Hina Hafeezullah Ishaq
Is the Burka Avenger conveying that her identity would remain secret, albeit by fighting the villains? Is violence the way to promote education?
Mostly black and long, plain and drab, or glittery and heavily embellished, or shaped like a shuttlecock with a net for vision, or flowing and shapeless, or tight-fitted and figure-hugging, it can simply be a part of a cultural dress code, or as many view it, a symbol of oppression or as some claim, one of empowerment. It is the ‘burqa’.
On April 26, 2007, a call-attention notice was moved by the female members of the Muttahida Majlis-e-Amal (MMA) in the National Assembly, through which they raised a hue and cry claiming that the play was against the injunctions of Islam, prompting the ministry of culture to impose a verbal ban on a satirical musical comedy Burqavaganza. It was being staged by Ajoka Theatre, a socially committed group, which staged plays on contemporary social issues relevant to Pakistani society, and strove to promote the government’s policy of ‘enlightened moderation’ at the time.
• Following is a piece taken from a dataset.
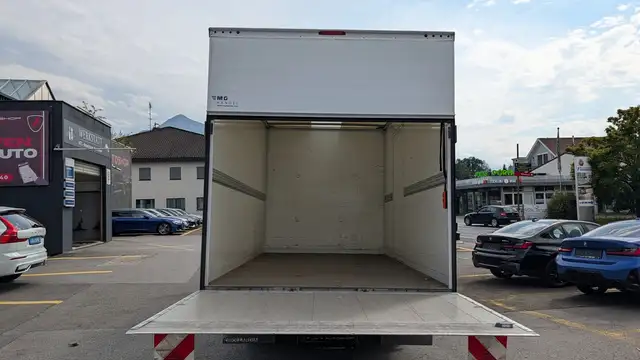 Peugeot Boxer view 9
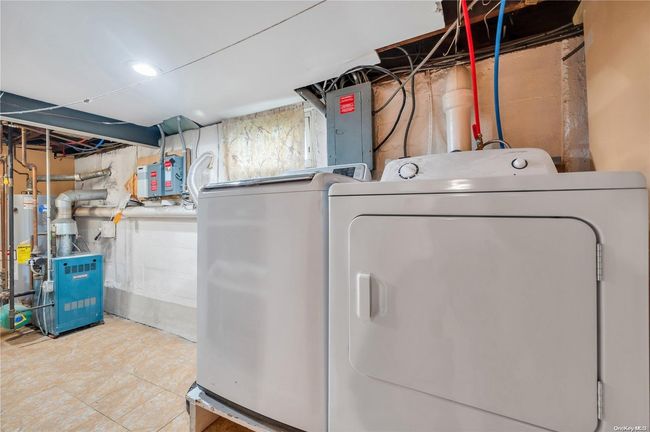 25 N Montgomery St, House other with 4 bedrooms, 2 bathrooms and null parking in Valley Stream NY | Image 25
In his panicked response to their protest, the minister for culture announced that the Punjab government had been told “not to allow any more shows (of the drama) until we have examined it” and to decide whether its contents were objectionable on religious and cultural grounds, making it difficult for Ajoka Theatre to get both federal and provincial venues for the showing of its production.
Prior to the ban, Burqavaganza was staged at the Alhamra Arts Council and in the Panjpani Festival; it was appreciated by audiences and received great reviews. The play, whilst addressing an extremely relevant social issue that exposed double standards of moral and ethical values, especially in the backdrop of the Jamia Hafza incident that was ongoing at the time, used the ‘burqa’ as a metaphor for a certain mindset and value system. It touched social issues such as gender discrimination, political corruption, moral policing by vigilantes and US atrocities against Muslims. At the time when Burqavaganza was being staged, the ‘burqa-brigade’, aka female students of Jamia Hifza in Islamabad, had taken up moral policing. It got to the stage where houses and establishments were being raided by them, going so far as the abduction of Chinese citizens who were running a salon. As the government slept, the burqa-brigade got out of hand and started wielding not only the danda (stick) but also weapons. Finally, the state was prompted into action when the ‘maulana brothers’ announced a rebellion, an act that falls squarely within the domain of Article 6 of the Constitution. Burqavaganza was vindicated by the subsequent unfolding of events broadcast to the whole world, even to the extent of putting the fleeing ‘burqa’ clad cleric on state television. Currently, it seems that the ‘rebel maulana’ who was killed while engaging in an act of treason is a ‘martyr’ and cases will be registered against soldiers for doing their duty! Simply amazing!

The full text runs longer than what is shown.